_EXERCISE DESCRIPTION_
Drop the pictures, then extract the listing word for word.

[INPUT RECORDS — start]

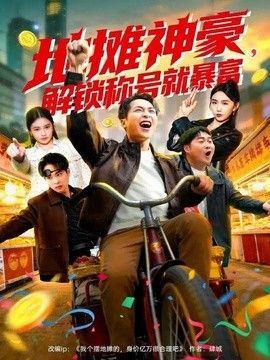 地摊神豪，解锁称号就暴富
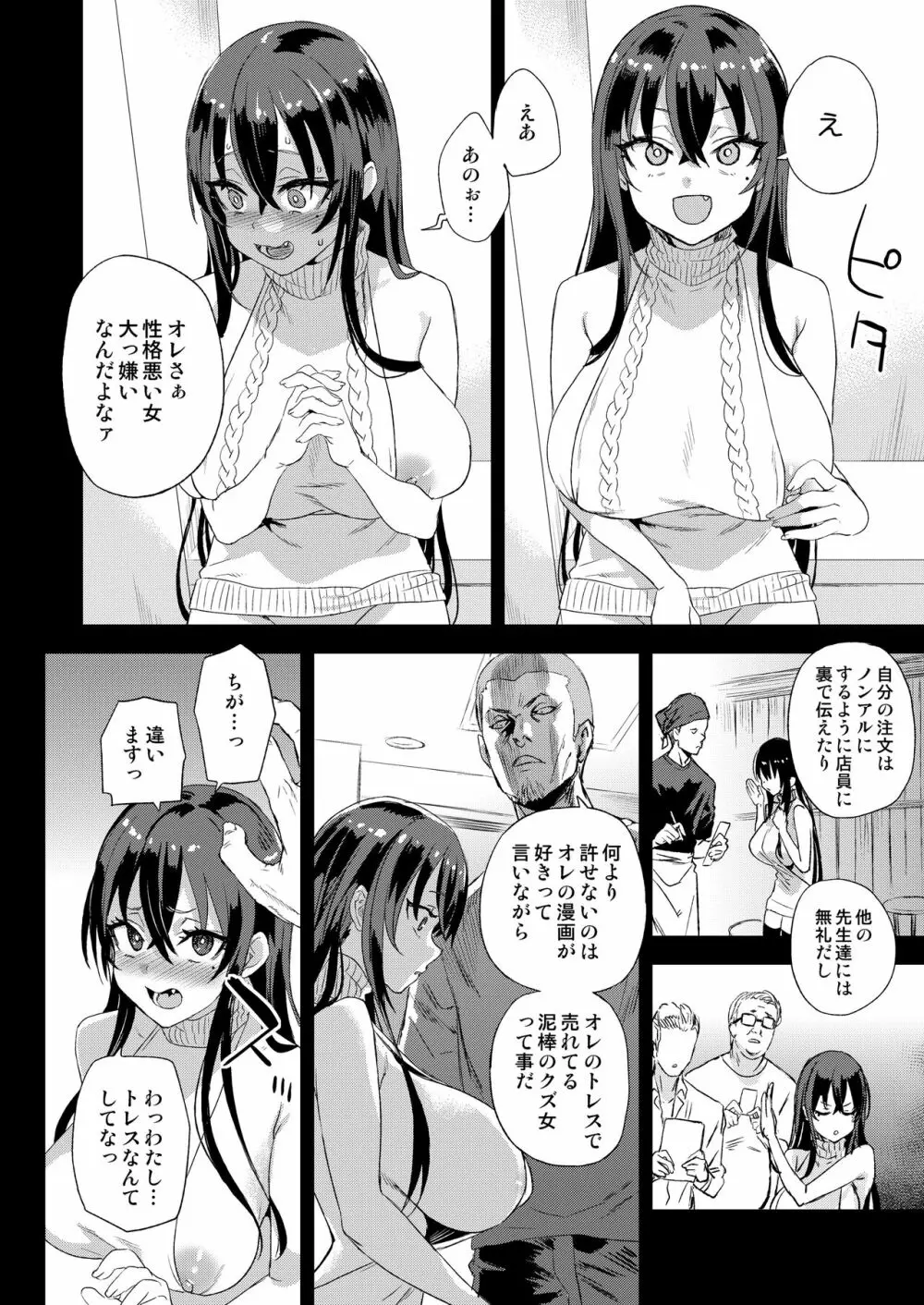 騎乗院先生のエロマンガ脳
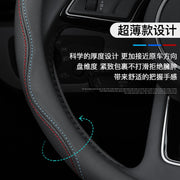 Cadillac sükan örtüyü, orijinal dəri, IQ, Ryoma, XTS, ATS/SLS/SRX/CTS, ultra nazik model.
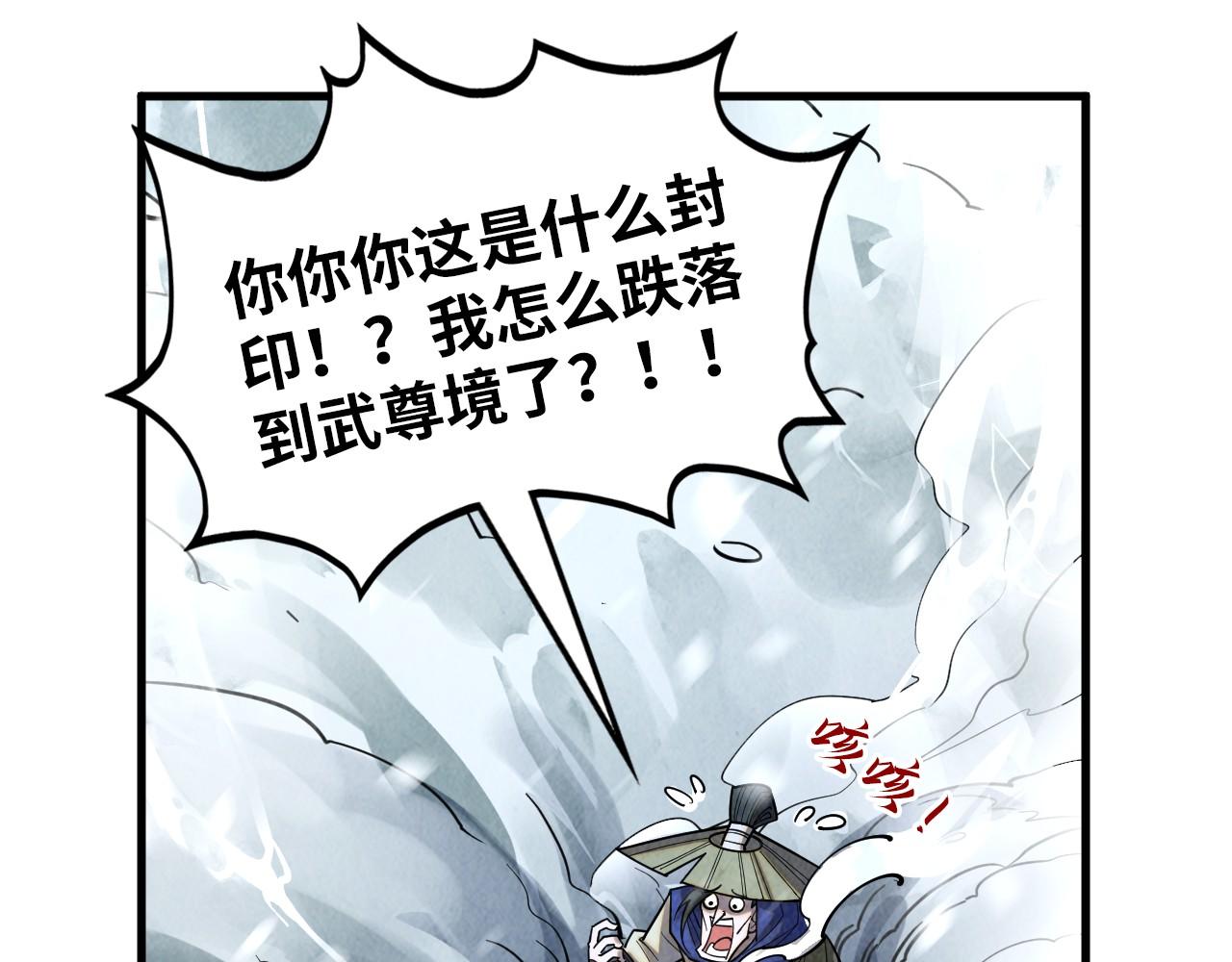 第377话 雕像129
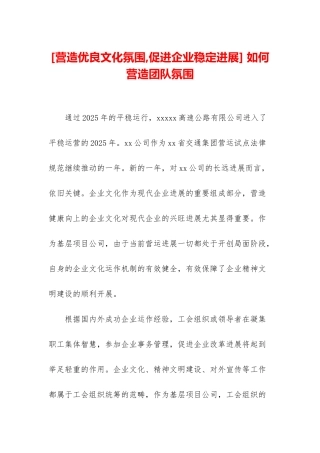 -如何营造团队氛围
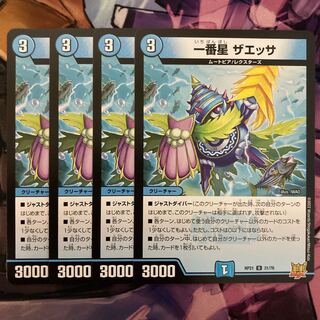 The first star Zaessa 4 sheets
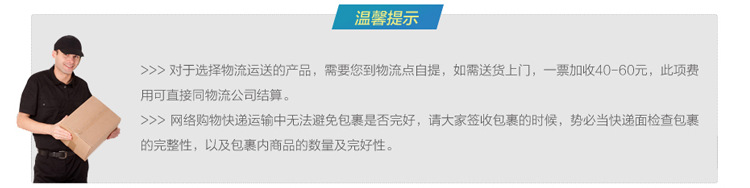 容恩M3三速吹风机鼓风机酒店宾馆地毯用吹干机地毯地面烘干机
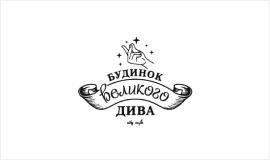 Будинок великого дива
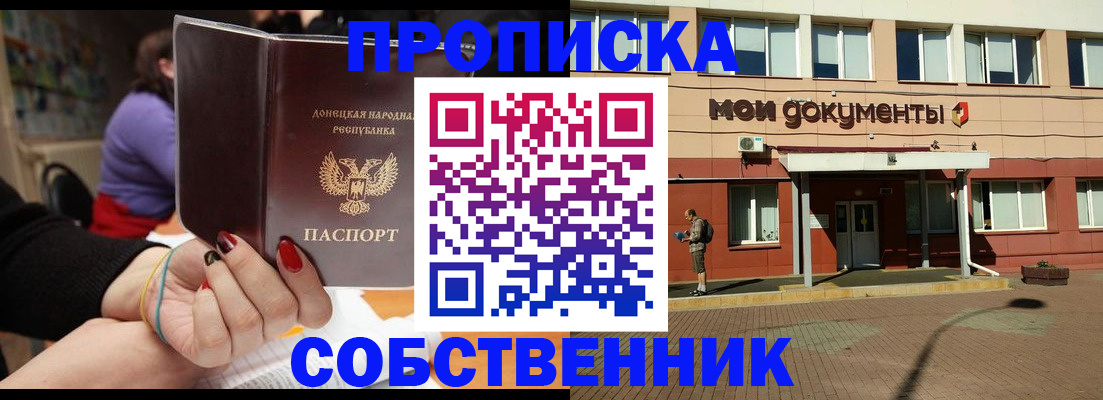 прописка для работы в Артёмовском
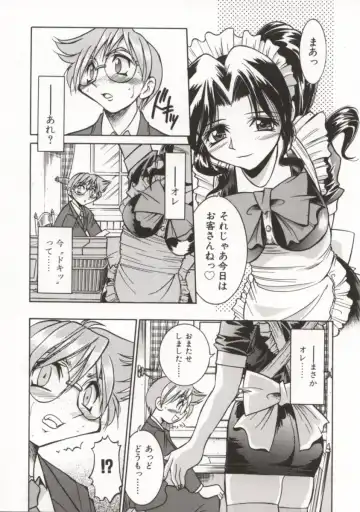 [Inoue Yoshihisa] Pony Bokujou Fhentai - Page 18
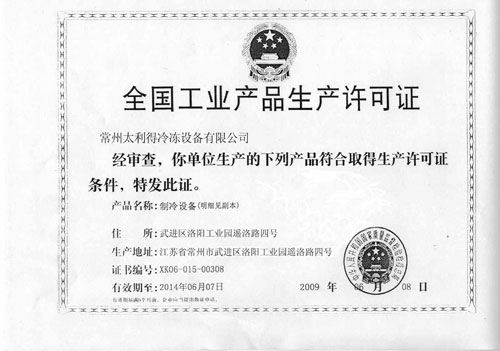 全國工業(yè)產品生產許可證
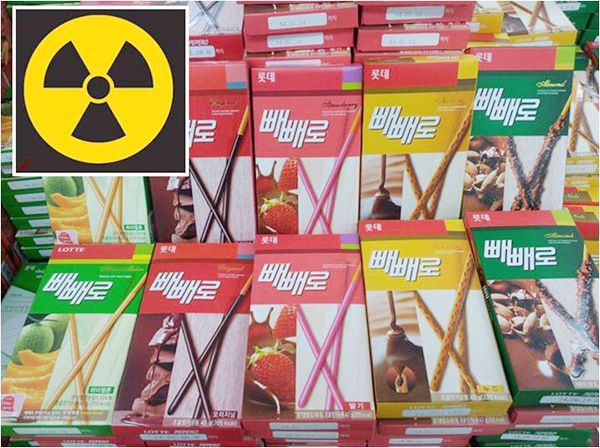 11월 11일 빼빼로데이를 맞아 마트에 진열되어 있는 다양한 초코과자들. 이 과자들에 일본 방사능 오염 가능성이 제기되었다.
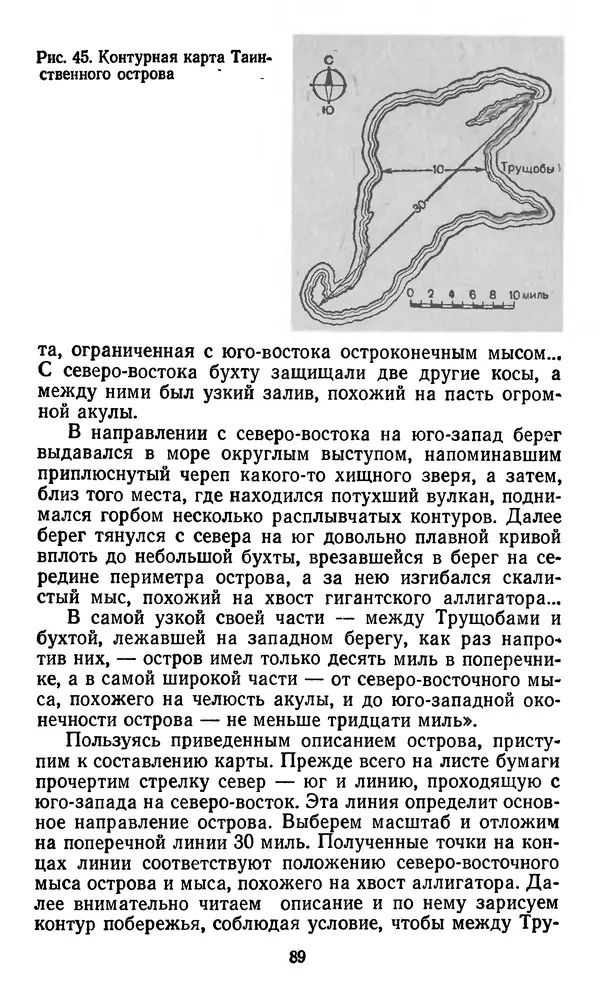 Алексей Куприн - Топография для всех - Страница № 90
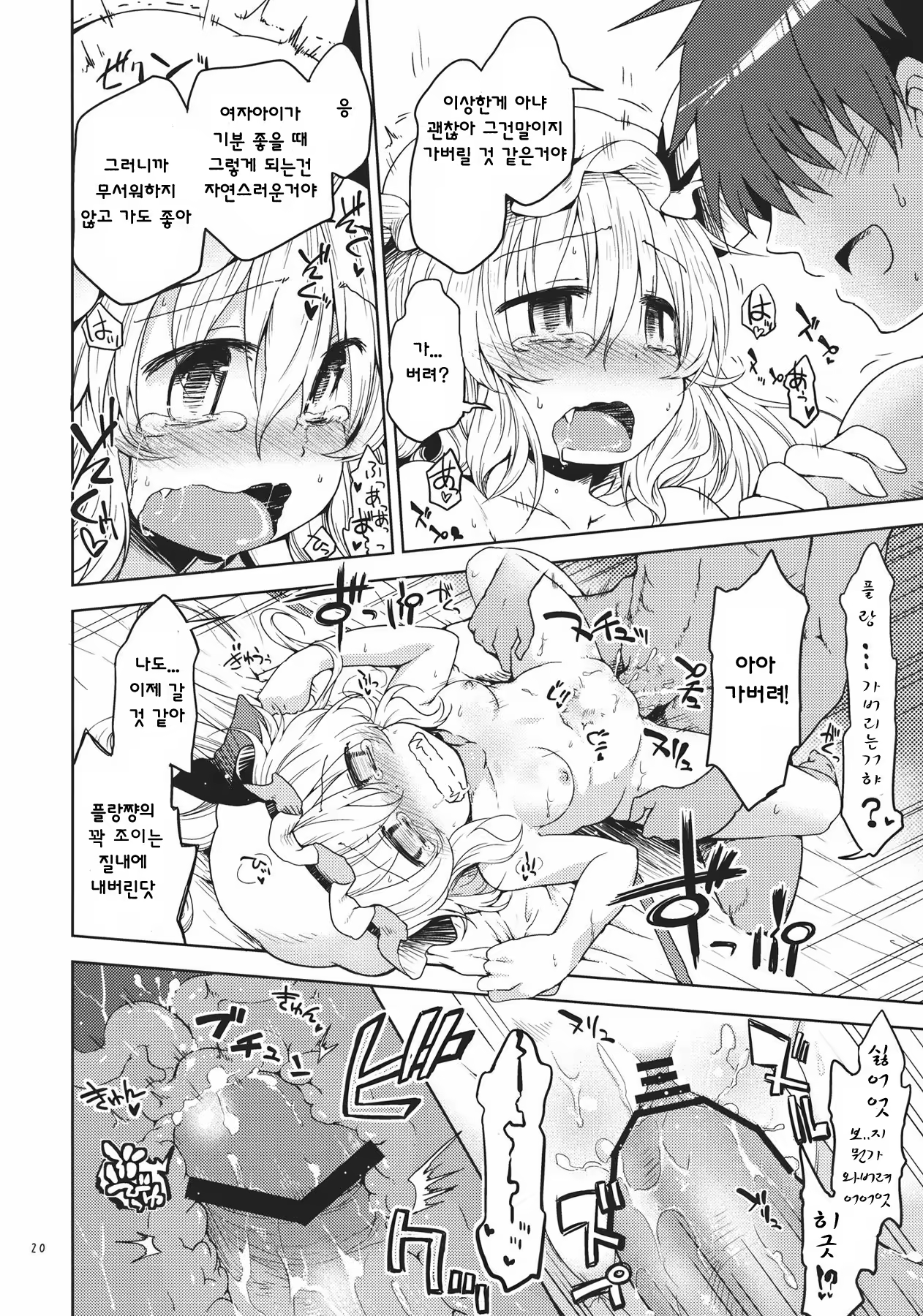 Content 565488 - 20 페이지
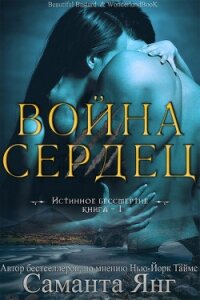 Война Сердец (ЛП) - Янг Саманта (читать полностью книгу без регистрации txt) 📗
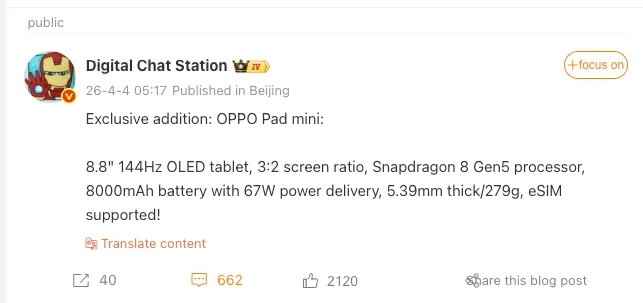 OPPO Pad Mini, Snapdragon 8 Gen 5, 8.8 дюймів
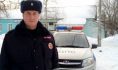 Полицейские спасли людей из горящего дома.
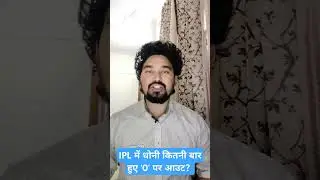 Dhoni IPL में कितनी बार ज़ीरो पर हुए आउट? Dhoni Duck Out । Golden Duck। MS Dhoni Duck Out In IPL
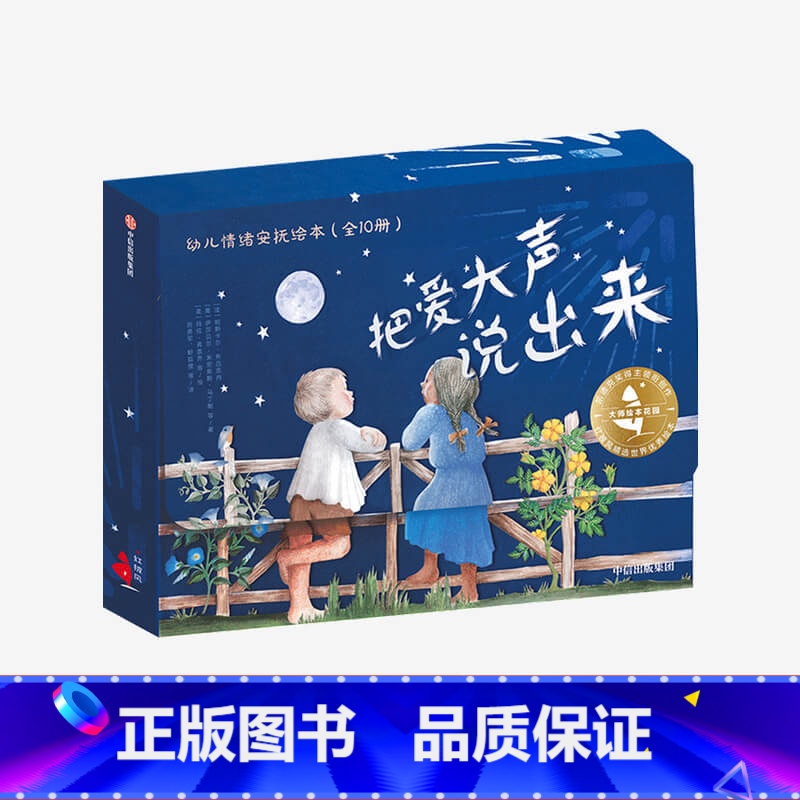 单本全册 [正版]大师绘本花园把爱大声说出来幼儿情绪安抚绘本(全10册)玛拉弗雷齐等著出版社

[INPUT RECORDS — finish]

_TASK RESPONSE_
 地摊神豪，解锁称号就暴富
 騎乗院先生のエロマンガ脳
 Cadillac sükan örtüyü, orijinal dəri, IQ, Ryoma, XTS, ATS/SLS/SRX/CTS, ultra nazik model.
 第377话 雕像129
 -如何营造团队氛围
 The first star Zaessa 4 sheets
 容恩M3三速吹风机鼓风机酒店宾馆地毯用吹干机地毯地面烘干机
 Будинок великого дива
 прописка для работы в Артёмовском
 [Inoue Yoshihisa] Pony Bokujou Fhentai - Page 18
 全國工業(yè)產品生產許可證
 11월 11일 빼빼로데이를 맞아 마트에 진열되어 있는 다양한 초코과자들. 이 과자들에 일본 방사능 오염 가능성이 제기되었다.
 Алексей Куприн - Топография для всех - Страница № 90
 Content 565488 - 20 페이지
 Война Сердец (ЛП) - Янг Саманта (читать полностью книгу без регистрации txt) 📗
 OPPO Pad Mini, Snapdragon 8 Gen 5, 8.8 дюймів
 Полицейские спасли людей из горящего дома.
 Dhoni IPL में कितनी बार ज़ीरो पर हुए आउट? Dhoni Duck Out । Golden Duck। MS Dhoni Duck Out In IPL
 单本全册 [正版]大师绘本花园把爱大声说出来幼儿情绪安抚绘本(全10册)玛拉弗雷齐等著出版社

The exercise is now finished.